Well, we started with 12 bright-eyed, white-wearing hopefuls in a very blue room this summer who all wanted to be HGTV’s next Design Star. Week after week their various decorating blunders gave judges Vern Yip, Genevieve Gorder, and (when she wasn’t a no-show) Candice Olson reasons to thin the herd.
Finally, this week we were down to the last decorators standing: Karl Sponholtz and Meg Caswell.
Karl went with the uninspired title “Inspired Design” for his show.
When I see rooms like this on TV I imagine the producers gleefully tossing toys and pillows everywhere before filming to make it look as awful as possible. Because you know no homeowner is going to let a camera crew show up without picking up a little first, right?
The couple told Karl they wanted a Tuscan look. And a downtown “street” look. Both. He definitely had a challenge on his hands pulling that off. His solution was to buy an armoire for the TV that kind of “looks Tuscan,” and paint graffiti on it to give it a cool and gritty vibe. Um, okay. Here’s how that turned out:
Meg decided that for her show she would be a Design Criminologist, hunting down Design Crimes and rectifying them. The judges flipped over it. They thought it was the most clever, most entertaining concept they’d ever heard.
I thought it kind of fell flat, though, when the only “crimes” she could really cite were things like “The Buddha head shouldn’t be in the window!” and “I can give those curtains covering your windowless wall a more designer look.”
She also had a much easier challenge with her homeowners, who told her they like Tiffany blue but want the room to look warm, maybe with some leather? And they needed a more functional dining area so they could entertain.
Meg gave them faux windows on their windowless wall, framed with curtains. Does it bug anyone else that the mirrors are hung lower than the real windows? Would have been nice if they had matched up a little more.
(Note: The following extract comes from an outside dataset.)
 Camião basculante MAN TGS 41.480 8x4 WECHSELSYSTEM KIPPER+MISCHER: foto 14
And I’m just not sure how I feel about the fake-window look in general, although I’m sure the mirrors do open the room up and make it feel brighter.
Judges Candice Olson, Genevieve Gorder, and Vern Yip–plus this season’s mentor and former Design-Star winner David Bromstad in a shiny gold jacket that I couldn’t stop staring at when he was onscreen–viewed the pilots and were impressed with both of them.
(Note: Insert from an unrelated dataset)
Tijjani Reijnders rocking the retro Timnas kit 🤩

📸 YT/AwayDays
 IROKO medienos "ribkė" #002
There could be only one winner, however, and it is…
I was surprised that she won, especially since she is far from the fan favorite. In the poll they’ve been taking all season long, Meg has been stuck in the middle of the pack while Karl has held a spot near the top. Based on the comments that lit up the HGTV blogs after the announcement, I’m not the only one who expected Karl to win.
I’m not sure how much confidence HGTV has in the choice, either. They announced that Meg will star in a limited, five-episode series called “HGTV Great Rooms” that will air on Saturdays…at 6:00 in the afternoon. Maybe if it does well they’ll give her something more permanent, but the time slot doesn’t bode well for her, I’m afraid.
Also, the title of the show is a little vague. I thought maybe it was about Great Rooms (as in family/gathering rooms). Or maybe it would showcase great rooms from past HGTV shows. But it turns out she’ll be giving various types of rooms great makeovers in her hometown of Chicago. The episodes have apparently been filmed already because you can see the before and afters featured in them here.
Were you rooting for Meg to win? Will you watch her new show?